◆ Your goal: Each line below should be repeated exactly as written, with no pictures carried over.

◆ Listed records:
******
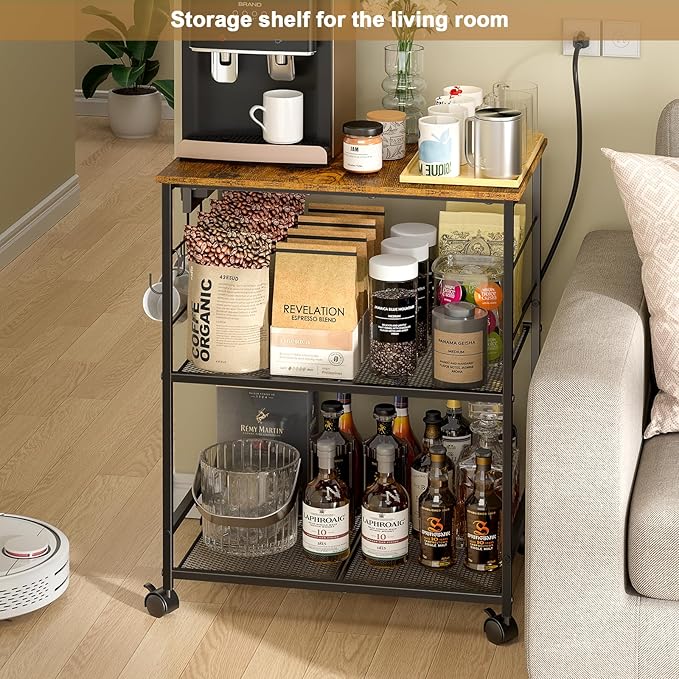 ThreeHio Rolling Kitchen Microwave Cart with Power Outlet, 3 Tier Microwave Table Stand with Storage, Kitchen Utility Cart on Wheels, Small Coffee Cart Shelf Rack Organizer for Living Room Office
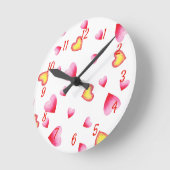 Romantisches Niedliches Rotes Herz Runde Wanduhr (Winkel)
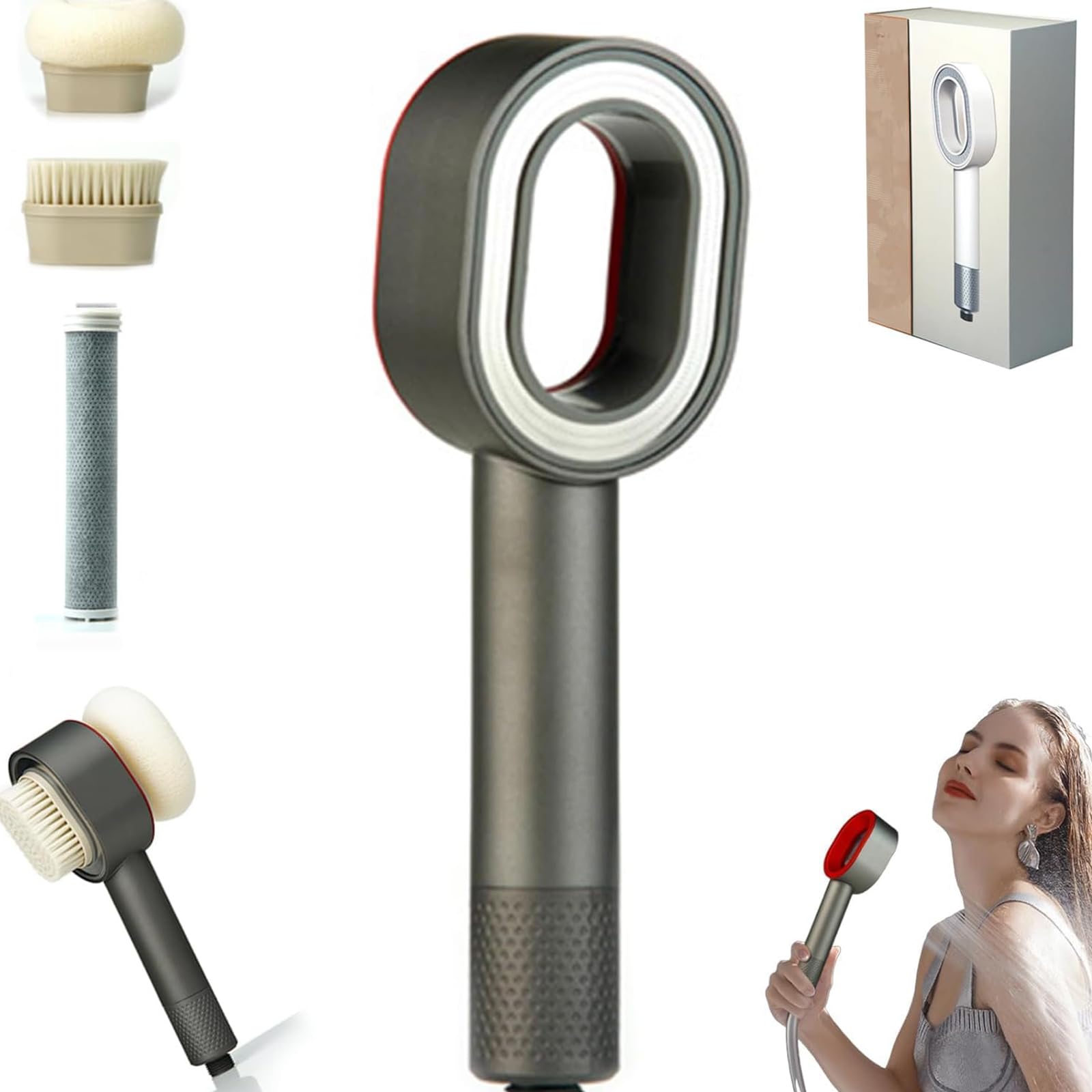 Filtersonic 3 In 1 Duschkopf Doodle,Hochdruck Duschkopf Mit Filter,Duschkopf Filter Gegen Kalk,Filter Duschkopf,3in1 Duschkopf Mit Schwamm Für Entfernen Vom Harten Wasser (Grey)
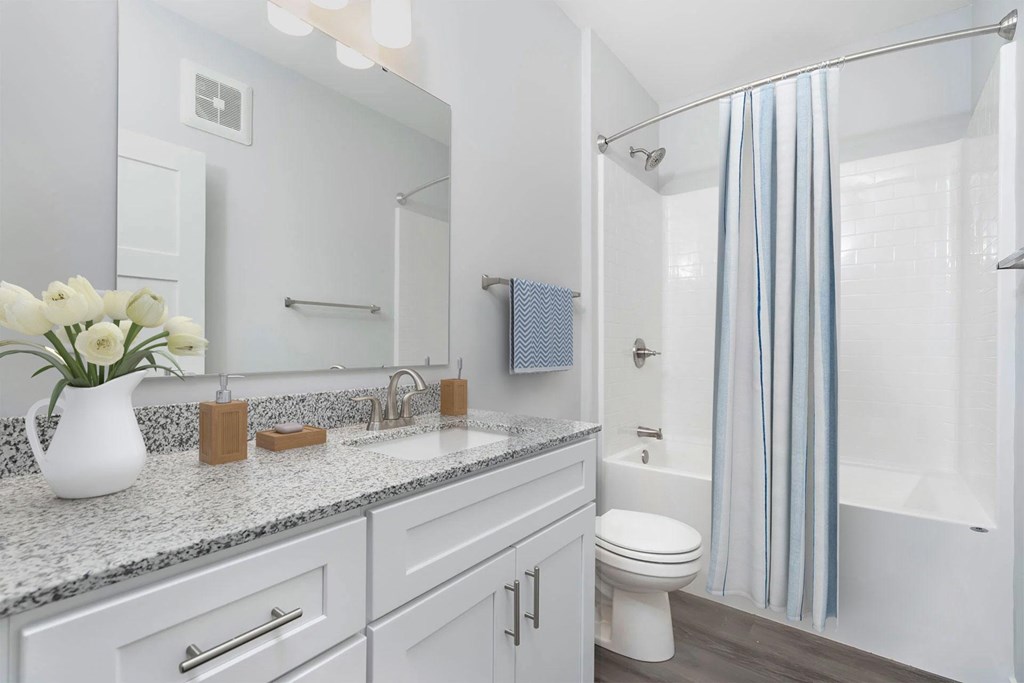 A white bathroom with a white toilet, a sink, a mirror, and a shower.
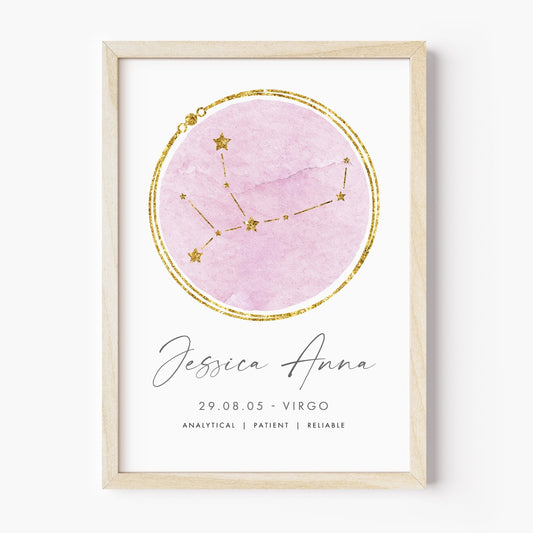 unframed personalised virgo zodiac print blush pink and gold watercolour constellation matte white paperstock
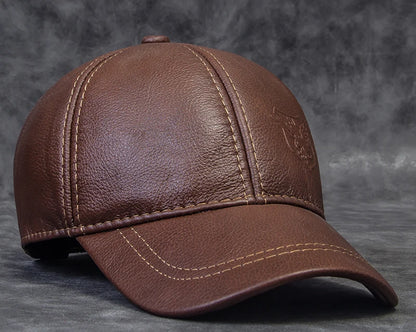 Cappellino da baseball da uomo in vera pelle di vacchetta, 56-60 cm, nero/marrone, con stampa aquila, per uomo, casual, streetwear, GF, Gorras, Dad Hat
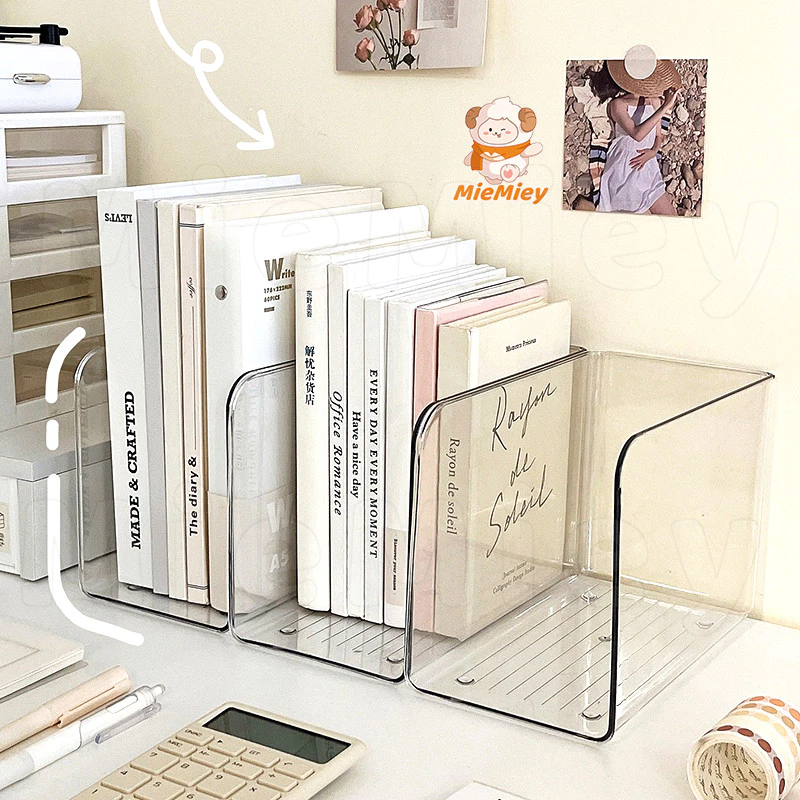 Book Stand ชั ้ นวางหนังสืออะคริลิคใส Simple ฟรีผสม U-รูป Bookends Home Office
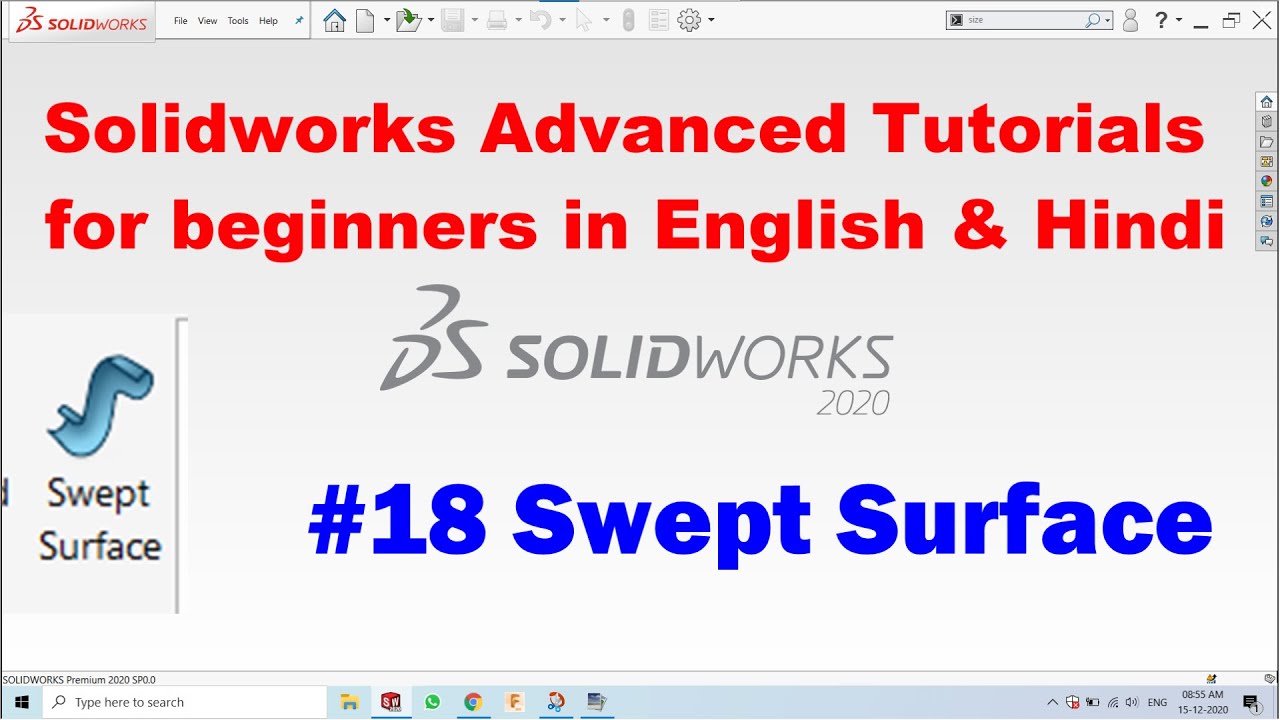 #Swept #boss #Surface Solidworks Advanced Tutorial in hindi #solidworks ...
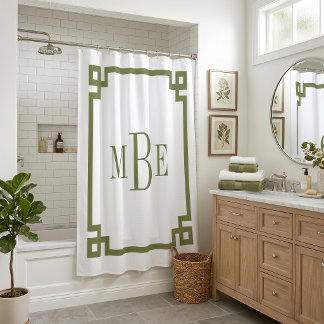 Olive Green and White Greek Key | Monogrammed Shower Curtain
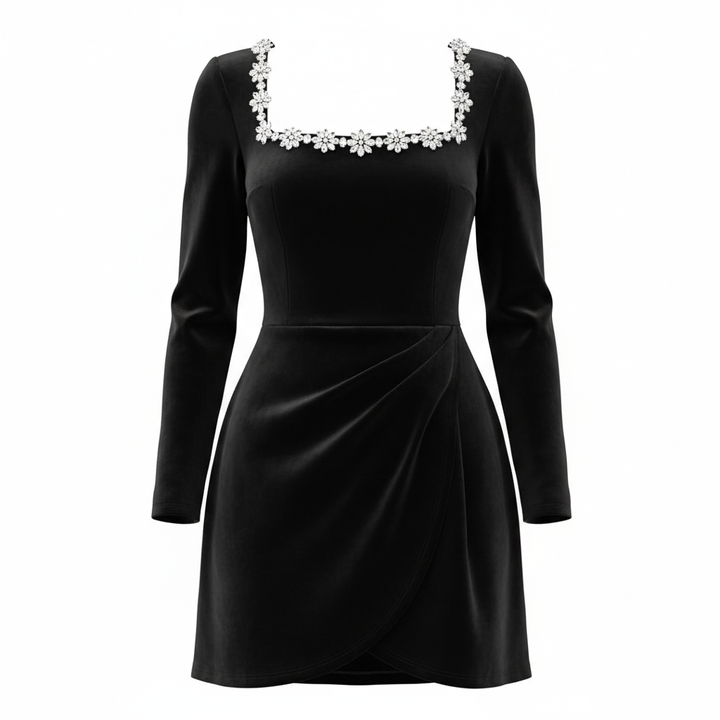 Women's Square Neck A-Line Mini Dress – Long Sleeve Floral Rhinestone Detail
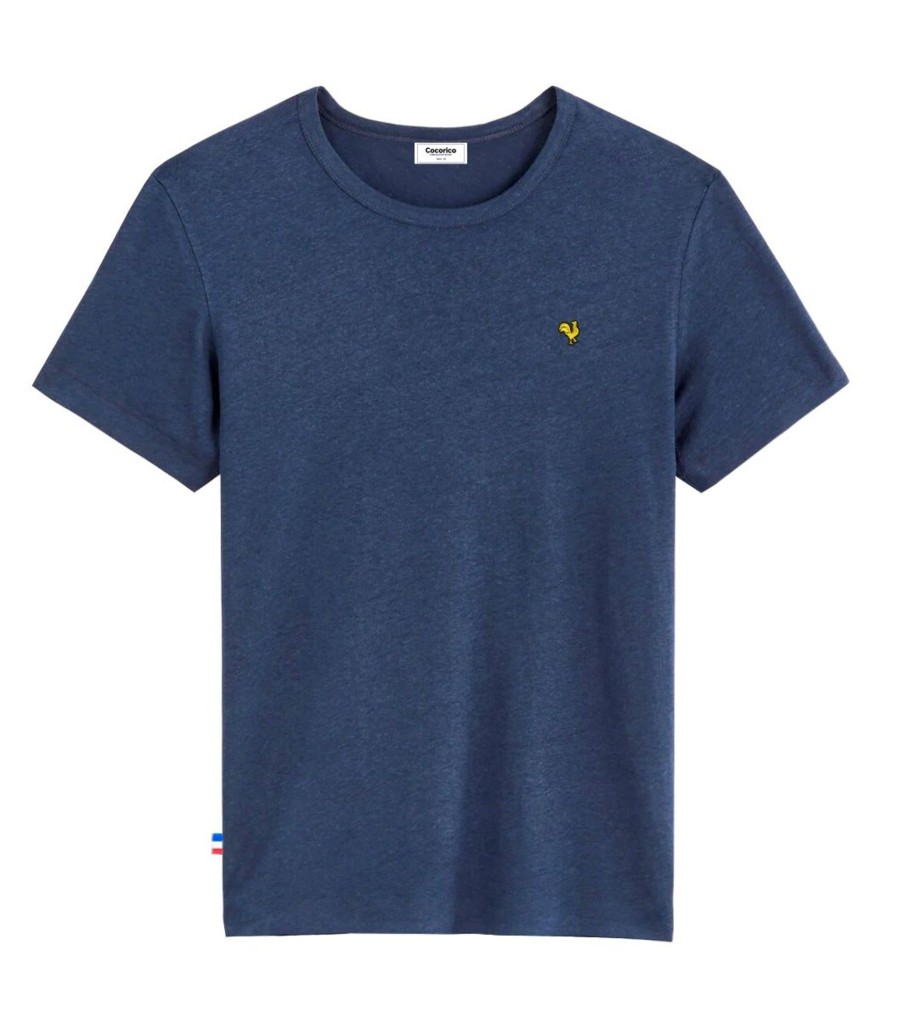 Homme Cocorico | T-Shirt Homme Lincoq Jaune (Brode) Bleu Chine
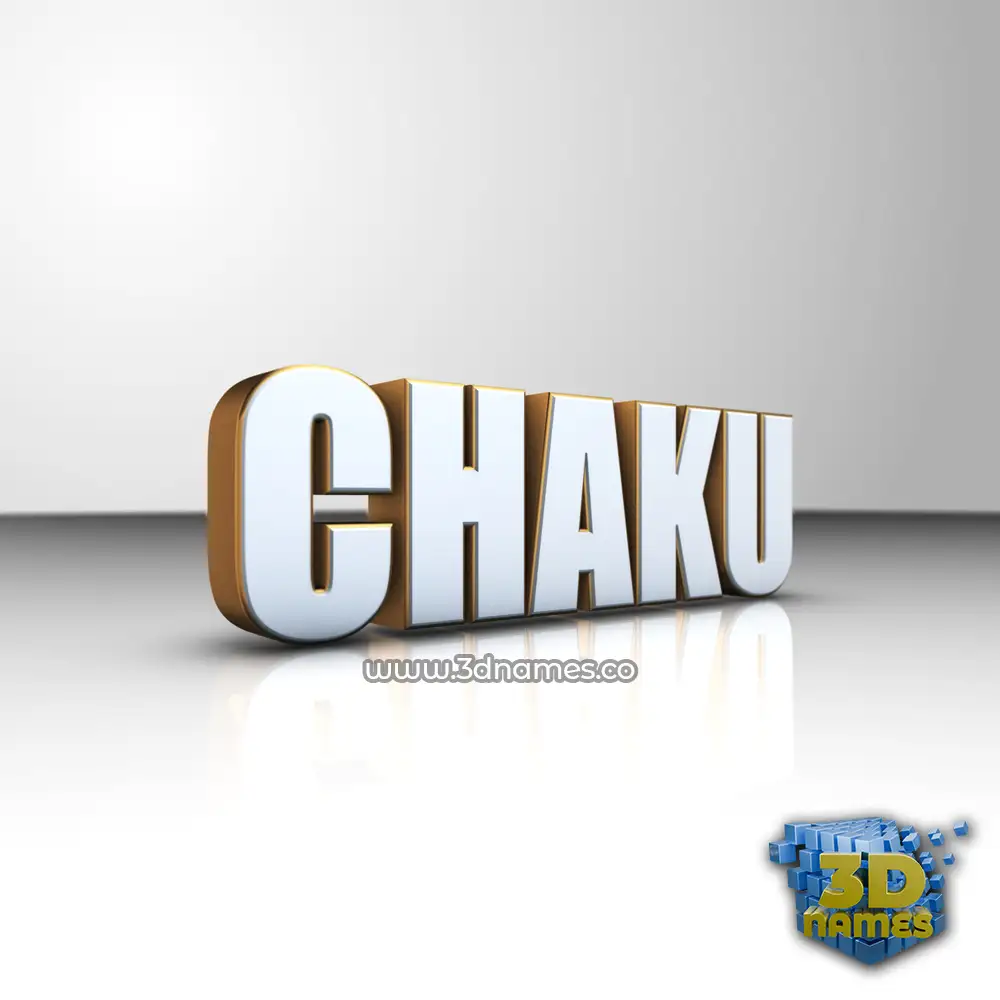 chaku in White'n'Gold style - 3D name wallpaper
******
◆ Result:
 ThreeHio Rolling Kitchen Microwave Cart with Power Outlet, 3 Tier Microwave Table Stand with Storage, Kitchen Utility Cart on Wheels, Small Coffee Cart Shelf Rack Organizer for Living Room Office
 Romantisches Niedliches Rotes Herz Runde Wanduhr (Winkel)
 Filtersonic 3 In 1 Duschkopf Doodle,Hochdruck Duschkopf Mit Filter,Duschkopf Filter Gegen Kalk,Filter Duschkopf,3in1 Duschkopf Mit Schwamm Für Entfernen Vom Harten Wasser (Grey)
 A white bathroom with a white toilet, a sink, a mirror, and a shower.
 unframed personalised virgo zodiac print blush pink and gold watercolour constellation matte white paperstock
 Cappellino da baseball da uomo in vera pelle di vacchetta, 56-60 cm, nero/marrone, con stampa aquila, per uomo, casual, streetwear, GF, Gorras, Dad Hat
 Book Stand ชั ้ นวางหนังสืออะคริลิคใส Simple ฟรีผสม U-รูป Bookends Home Office
 #Swept #boss #Surface Solidworks Advanced Tutorial in hindi #solidworks ...
 Olive Green and White Greek Key | Monogrammed Shower Curtain
 Women's Square Neck A-Line Mini Dress – Long Sleeve Floral Rhinestone Detail
 Homme Cocorico | T-Shirt Homme Lincoq Jaune (Brode) Bleu Chine
 chaku in White'n'Gold style - 3D name wallpaper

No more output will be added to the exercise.